Or, Faux Victorians and the Lesson of Failed Play
Earlier this fall a Vox.com First Person column by Sarah A. Chrisman attracted a great deal of attention, much of it negative. In particular, it really ruffled historians’ feathers – and it’s not difficult to see why.
In the course of detailing her and her husband’s lives as “modern” Victorians, Chrisman argued that her family’s use of Victorian material culture (clothing, heating technology, modes of transportation) provided insight into the past far superior than any she could learn from “modern commentaries” – the class of writing the rest of us decadent, desperate contemporarianists know as history books.
Though phrased awkwardly, the historical epistemology that Chrisman articulated shares family resemblances with the pedagogy underwriting many kinds of public history, commercial as well as educational. (The idea that “touching” or “experiencing” artifacts and texts provides direct access to the past is a common trope in writing about, and advertising for, museums and historical sites, after all).

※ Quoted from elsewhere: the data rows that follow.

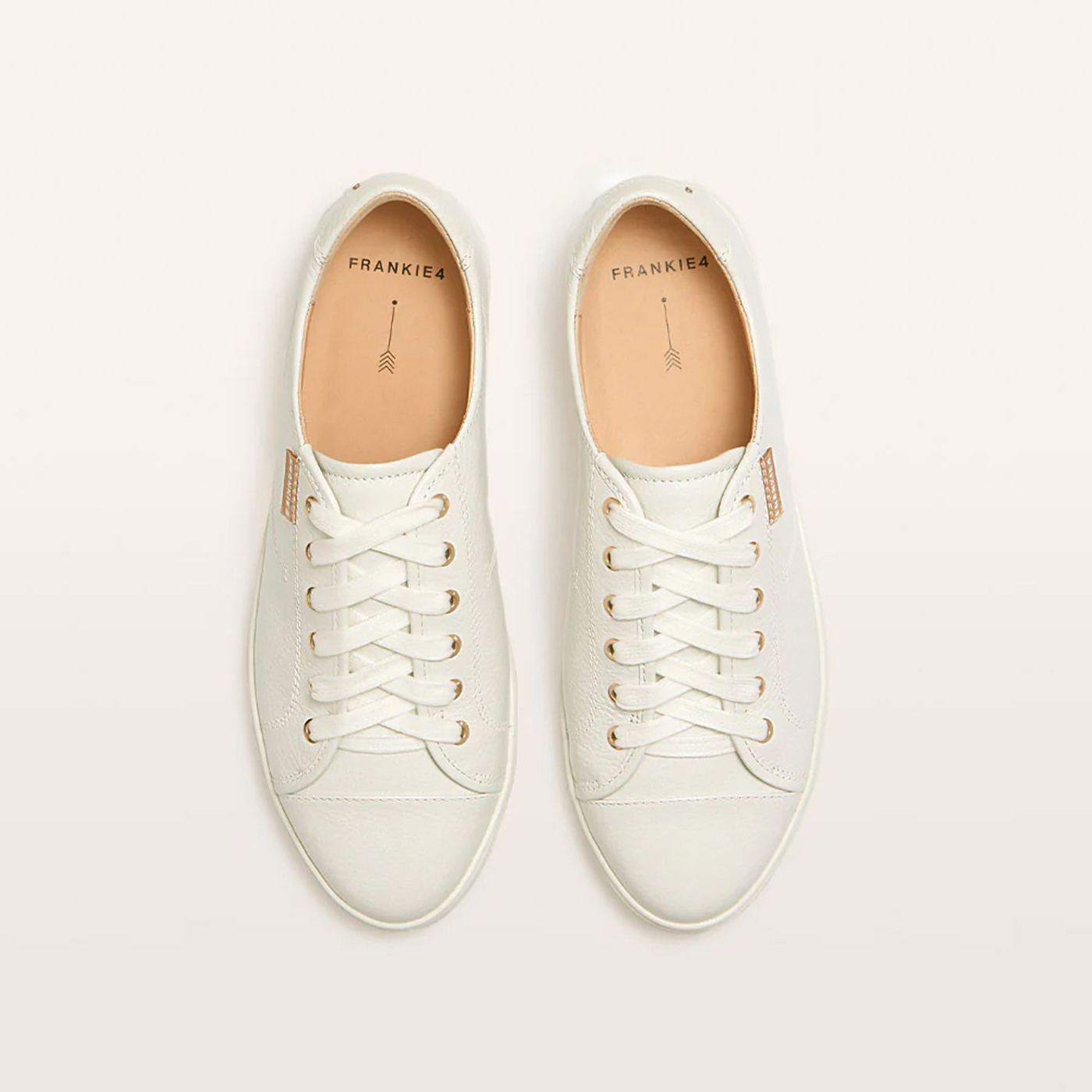 Nat III - White Tumbled - Image 5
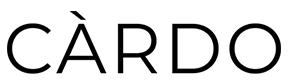 Cloud4box Промокод 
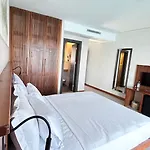 Ertan Otel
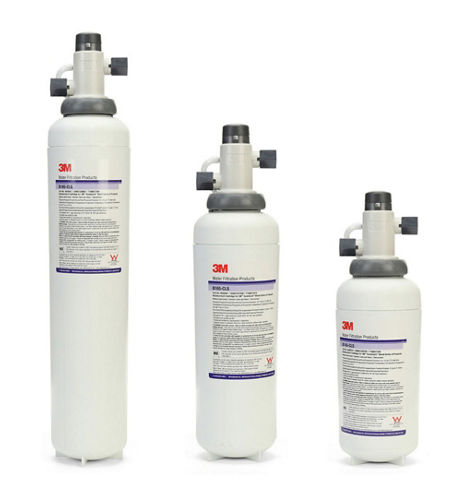 3M™ ScaleGard™ Blend Series of Systems, Model SGB195-CLS, 5636603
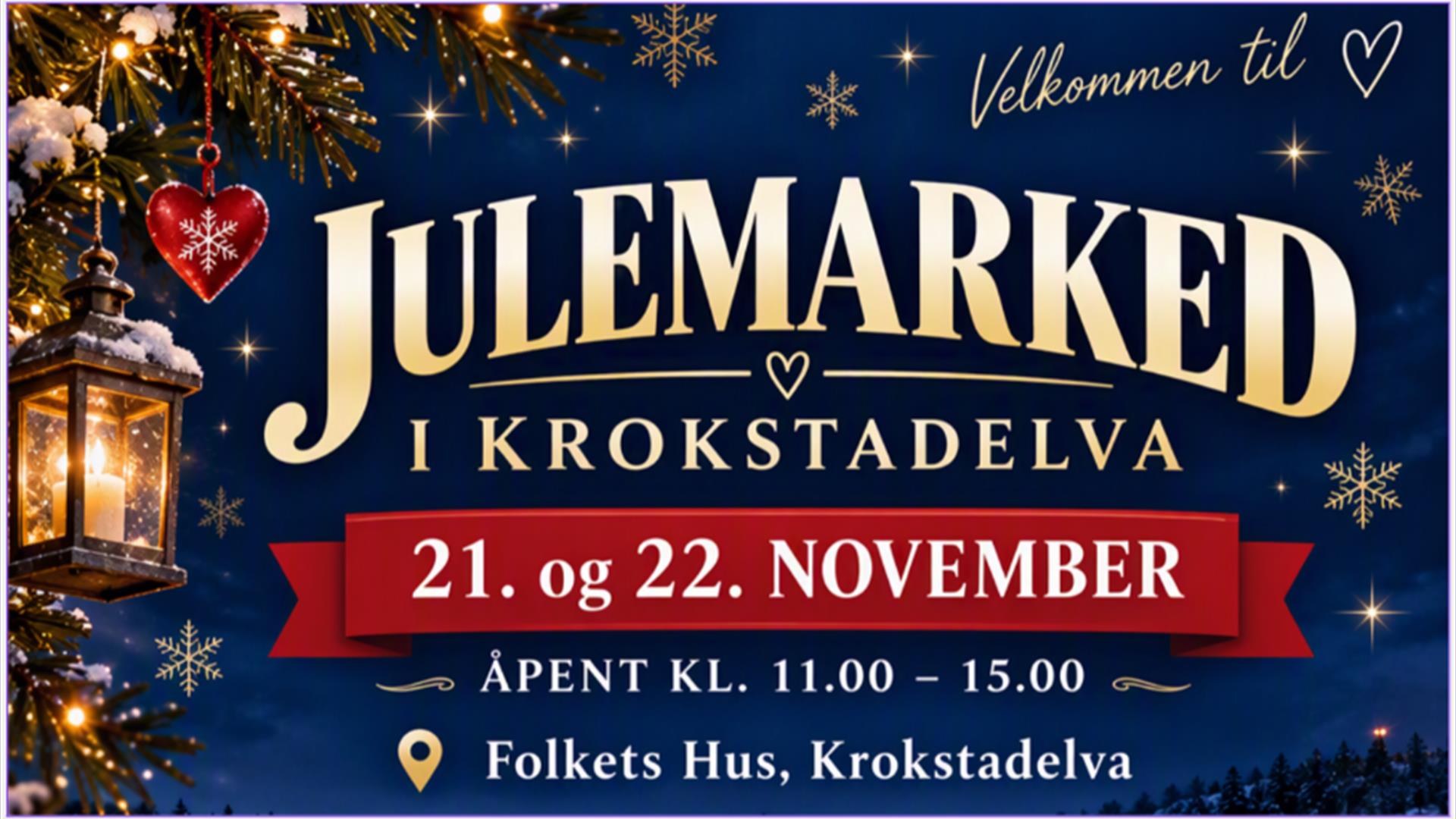 Forside markedsprogram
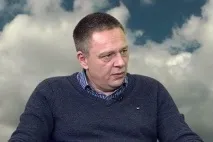 Навіщо ми зміцнюємо економіку США зміцнюємо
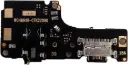 FLEX CHARGING CONNECTOR FOR RMI NOTE10 PRO 4G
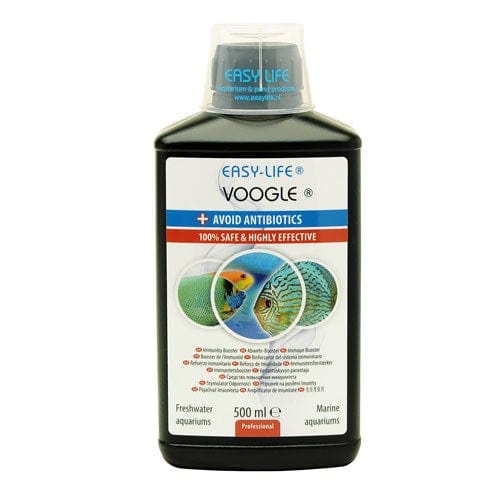 Easy Life Voogle 500ml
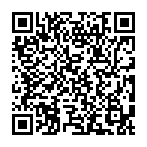 www.house-info.tw房屋網-找梅山電梯華廈-QRCode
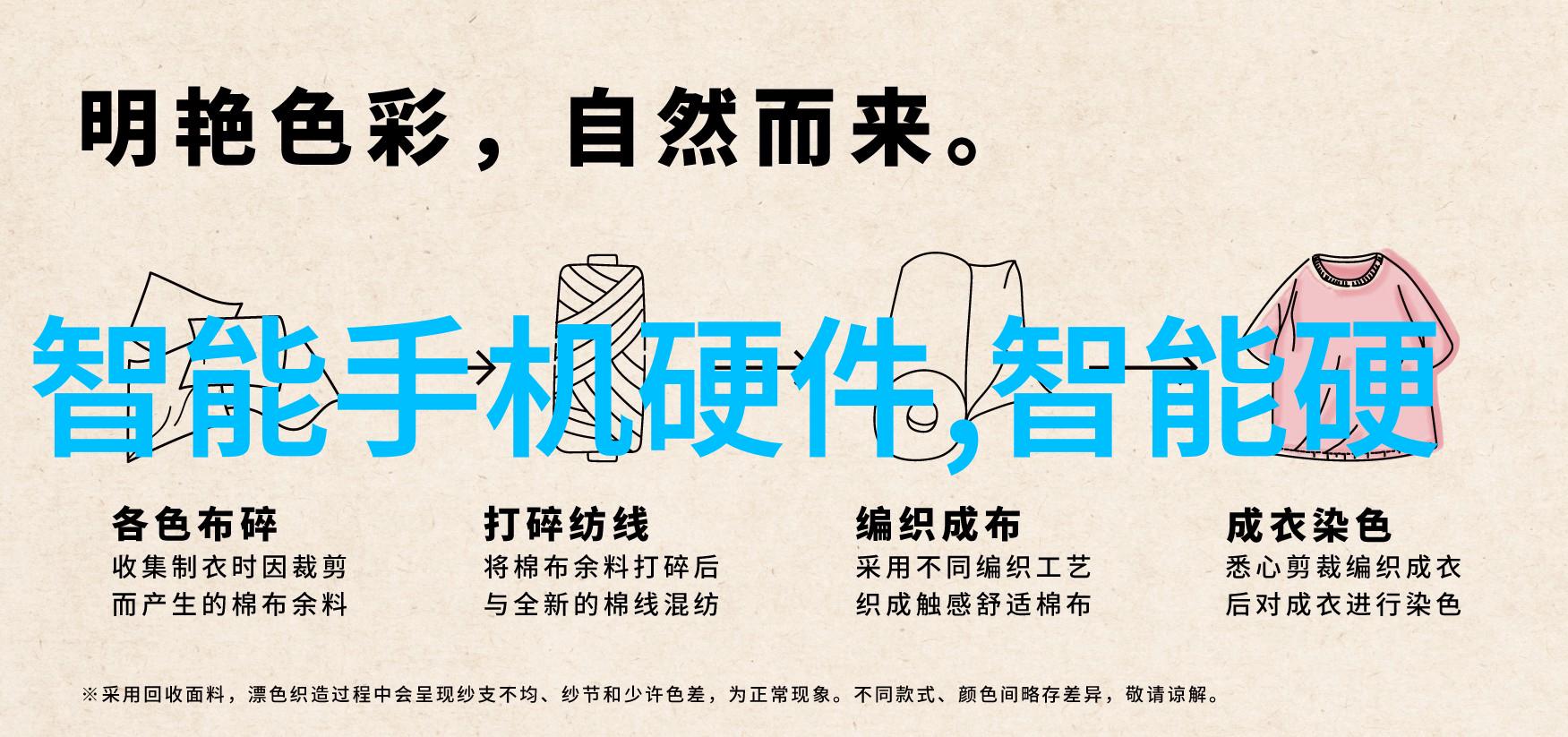漯河职业技术学院筑梦未来技能丰富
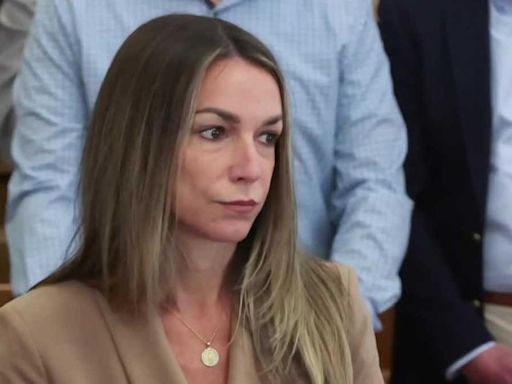 Karen Read murder trial: Live updates as Albert family testifies about night of O'Keefe's death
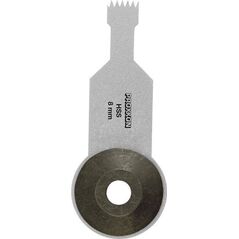 Proxxon Końcówka Do Drążenia 8 Mm Proxxon Do Szlifierki Ozi/e Pr28897 Proxxon 8362899 4006274288973
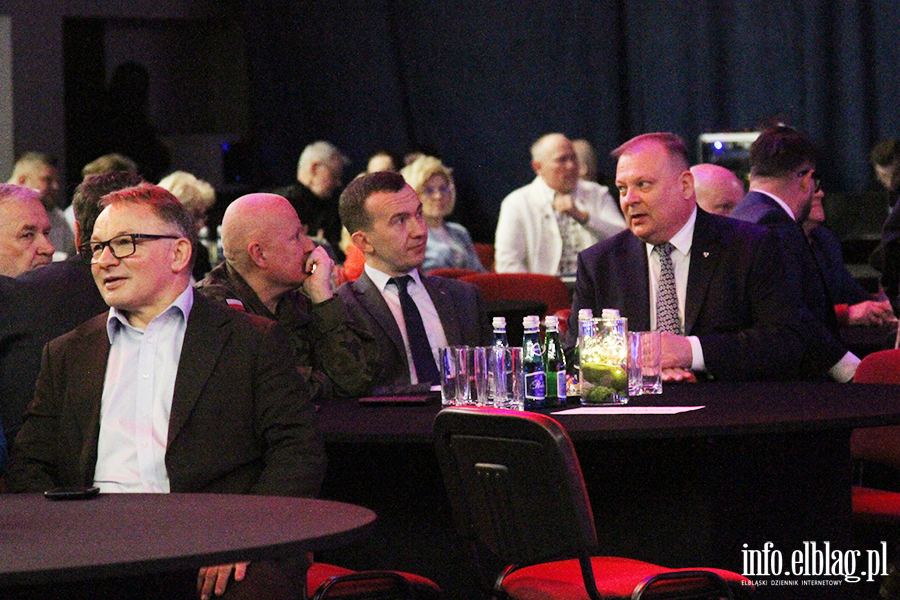 Elbl�skie �wi�to Sportu za nami, fot. 49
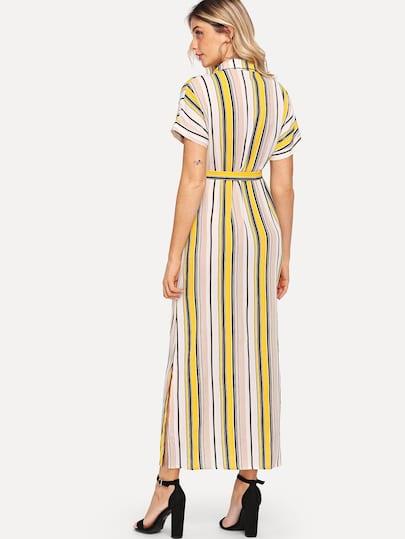 Рубашка SheIn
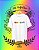 Camiseta Personalizada - Minhas Cores - Me Orgulho - Basic - Imagem 1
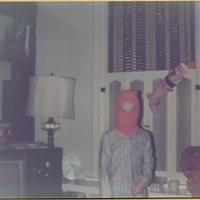 Elm Street Christmas 1976-12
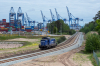 SM42-8951 [Orion Rail Logistcis]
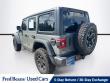 2022 Jeep Wrangler 4xe Unlimited Rubicon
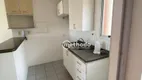 Foto 8 de Apartamento com 1 Quarto à venda, 50m² em Centro, Campinas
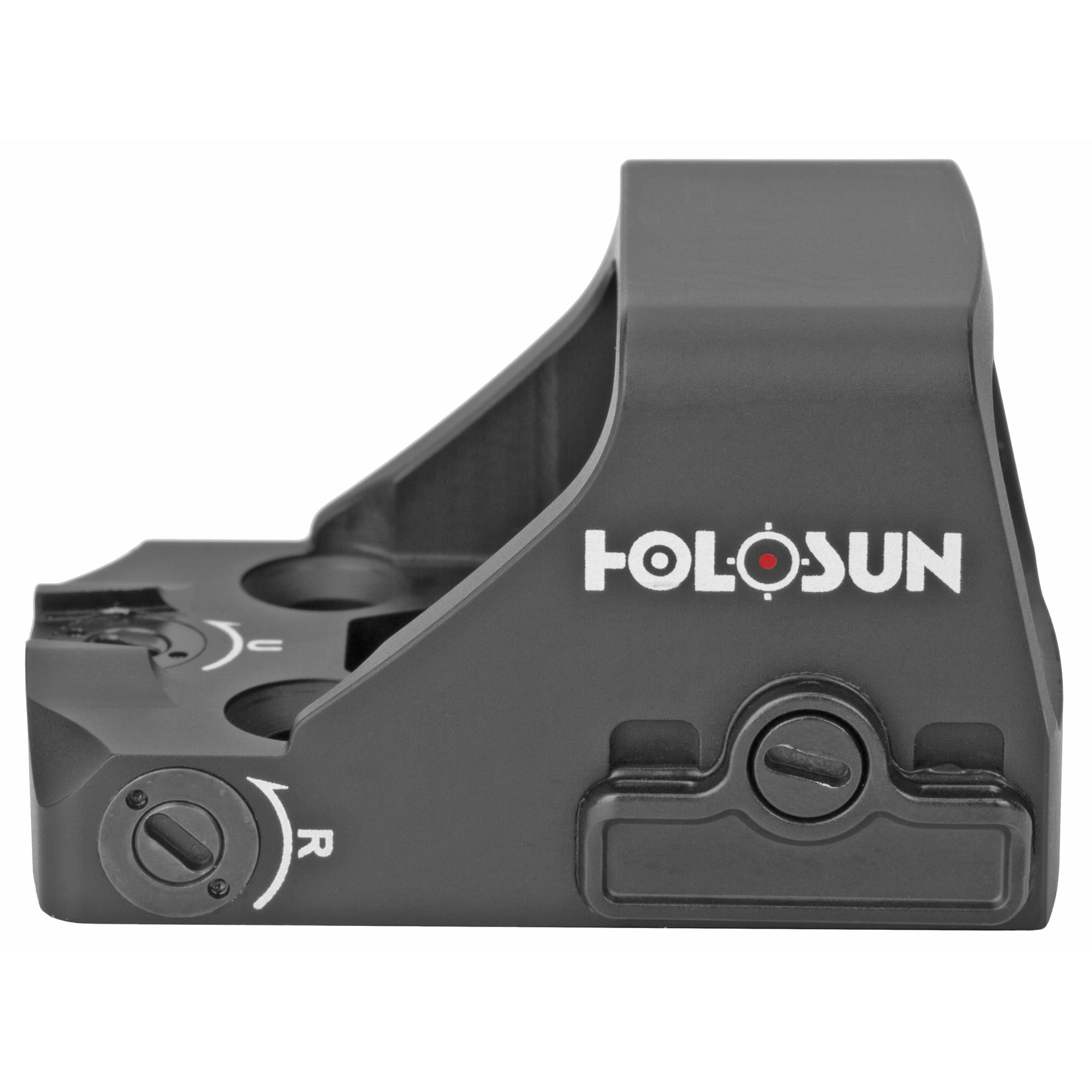 HOLOSUN 507K X2 REFLEX OPTICAL SIGHT - Image 3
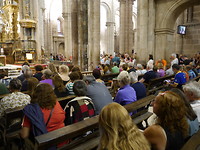 P1020471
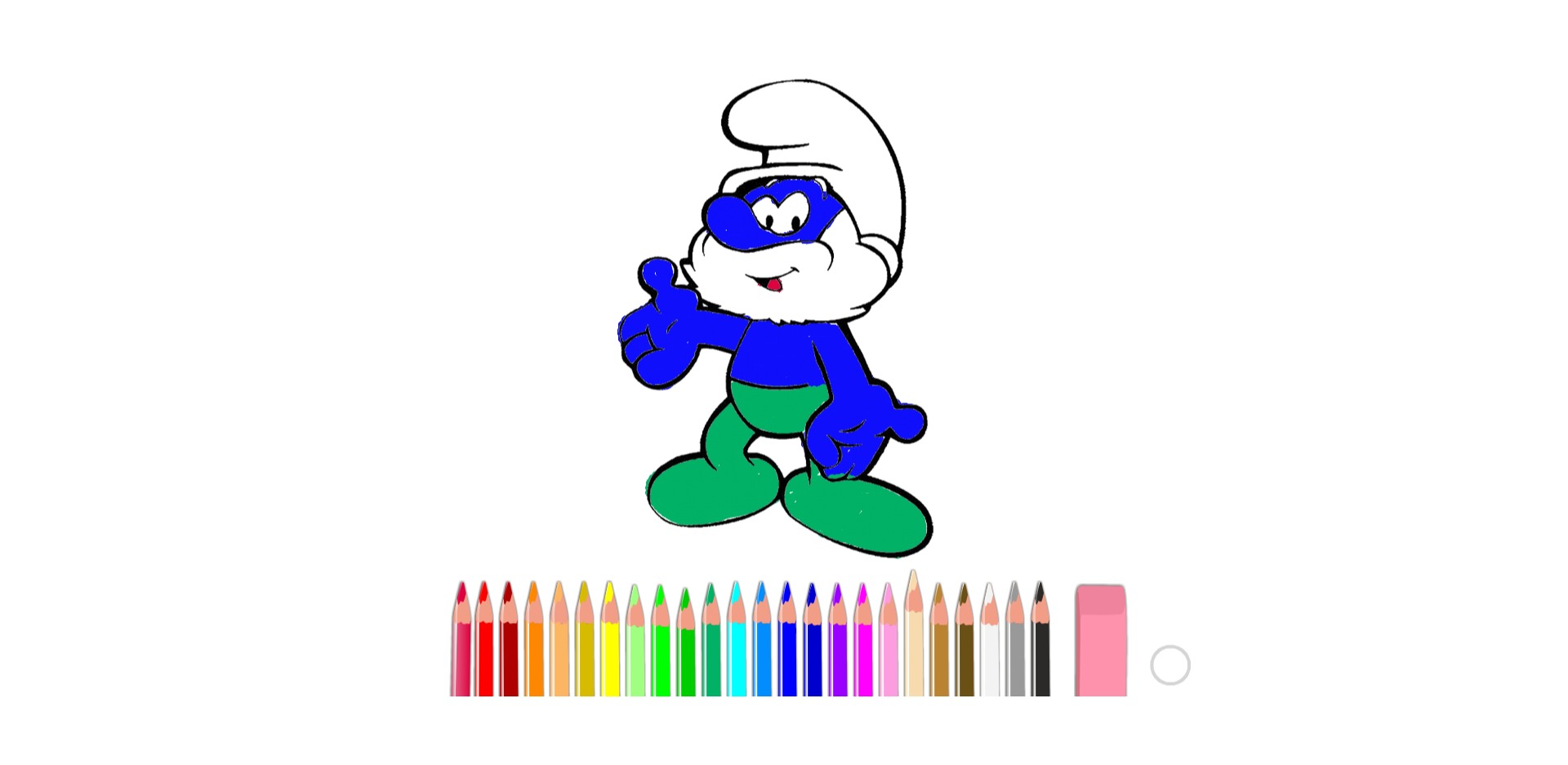 bojanke_1636059265.png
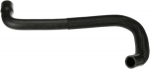 Jahutusvoolik GATES 05-4607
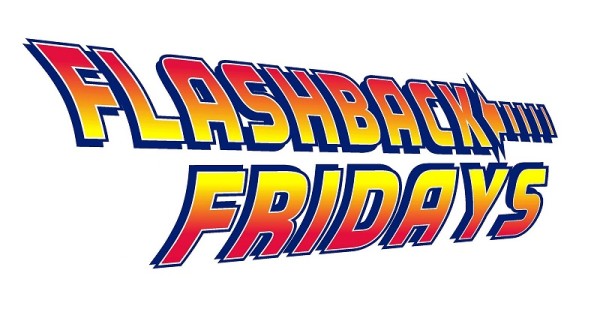Flashback Friday: Michael Moorer vs. Alex Stewart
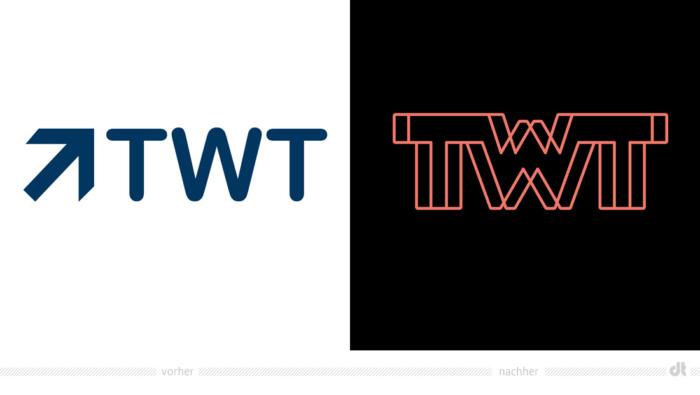 LOGO设计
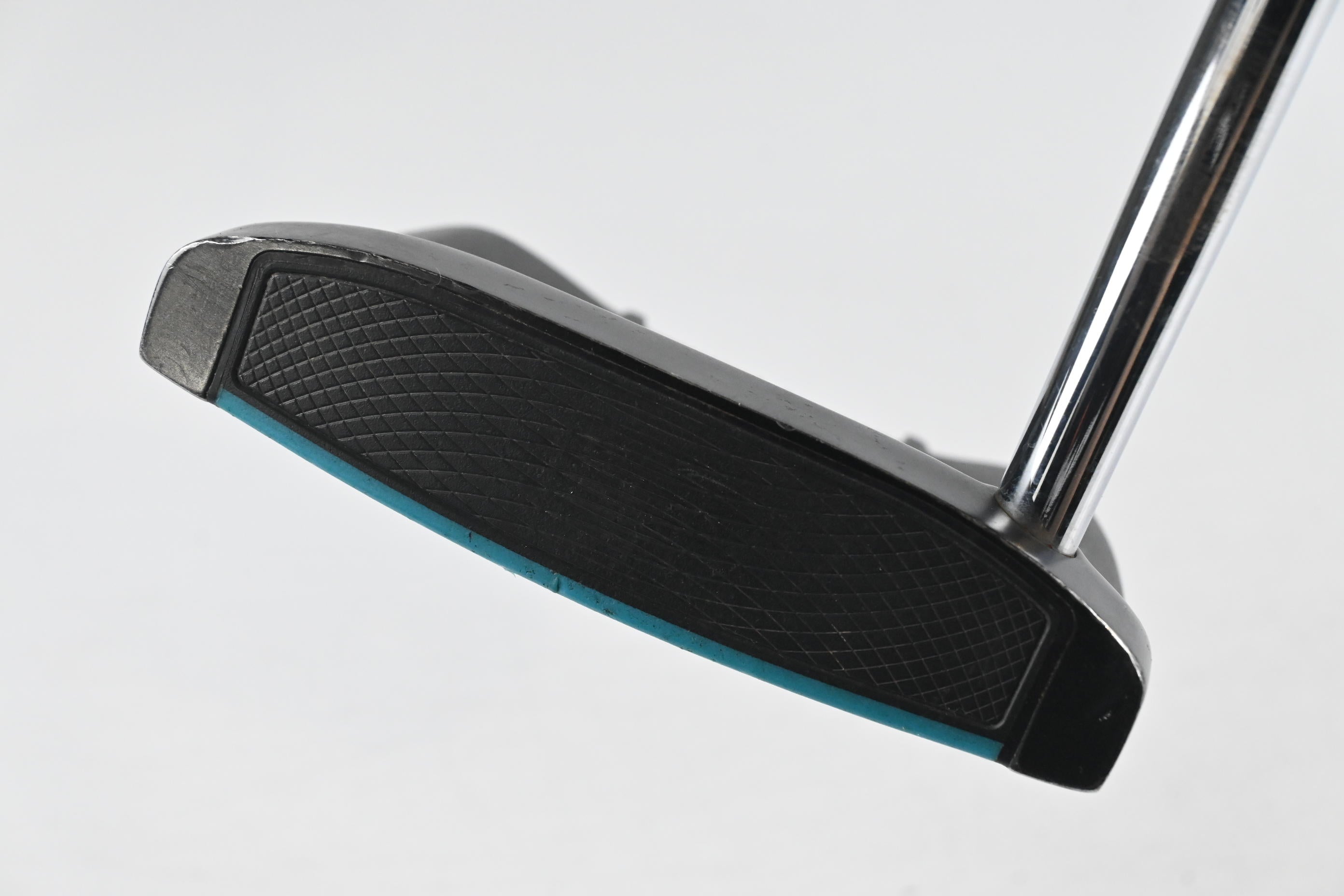 Ping Sigma 2 Valor Putter / 34 Inch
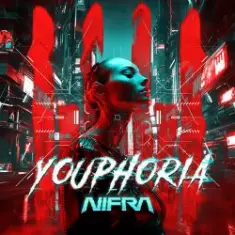 Nifra — Youphoria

Chrisman pushes this logic to an extreme, arguing that using period-specific material and cultural goods as exclusively as possible, and thereby constraining your thinking and even daily movements (literally in the case of her corsets) to those experienced by past peoples, facilitates a purer access to the past, uncontaminated by bias or errors introduced in the “game of ‘telephone’ ” of textual historical scholarship.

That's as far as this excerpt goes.